# Description of the task
Your job is to give again, exactly and with no additions, the lines in the records below from the one with "BRN Campanello Bici" through the one with "neobreez CRIS Ultra", both included. Omit the pictures.
━━ Provided information
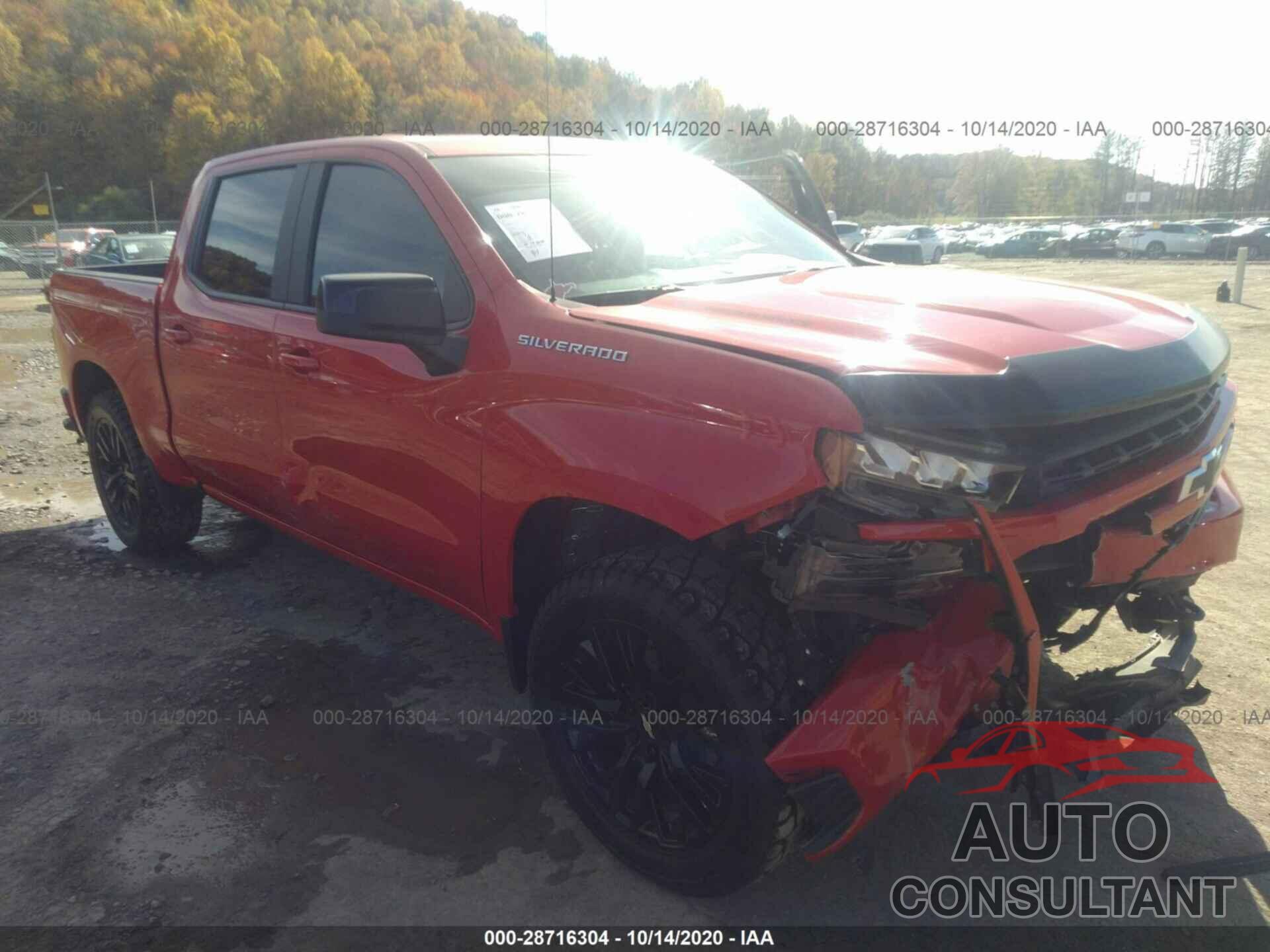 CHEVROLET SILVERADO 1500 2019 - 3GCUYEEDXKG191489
━━━━
━━ Provided information
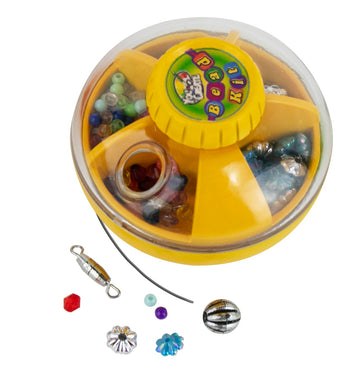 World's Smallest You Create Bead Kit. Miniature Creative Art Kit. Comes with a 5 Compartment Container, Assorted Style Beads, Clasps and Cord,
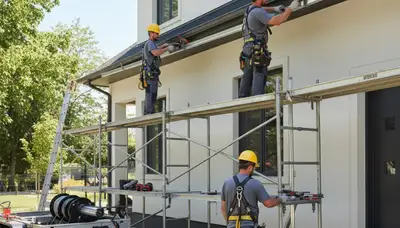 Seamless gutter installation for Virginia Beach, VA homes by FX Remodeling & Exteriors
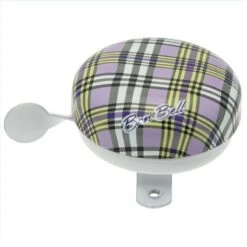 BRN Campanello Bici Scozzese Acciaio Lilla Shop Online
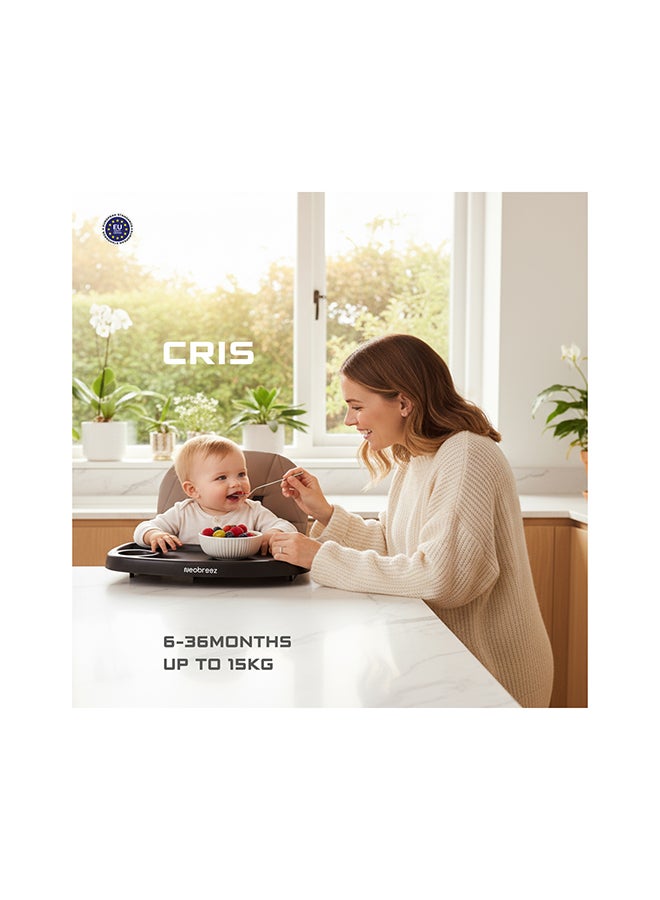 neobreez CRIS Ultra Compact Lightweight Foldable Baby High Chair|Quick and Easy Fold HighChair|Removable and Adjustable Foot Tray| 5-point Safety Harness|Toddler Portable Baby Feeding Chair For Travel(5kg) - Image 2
━━━━
━━ Provided information
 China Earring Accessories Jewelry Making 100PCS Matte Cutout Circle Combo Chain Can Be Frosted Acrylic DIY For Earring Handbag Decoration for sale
━━━━
# Response below
 BRN Campanello Bici Scozzese Acciaio Lilla Shop Online
 neobreez CRIS Ultra Compact Lightweight Foldable Baby High Chair|Quick and Easy Fold HighChair|Removable and Adjustable Foot Tray| 5-point Safety Harness|Toddler Portable Baby Feeding Chair For Travel(5kg) - Image 2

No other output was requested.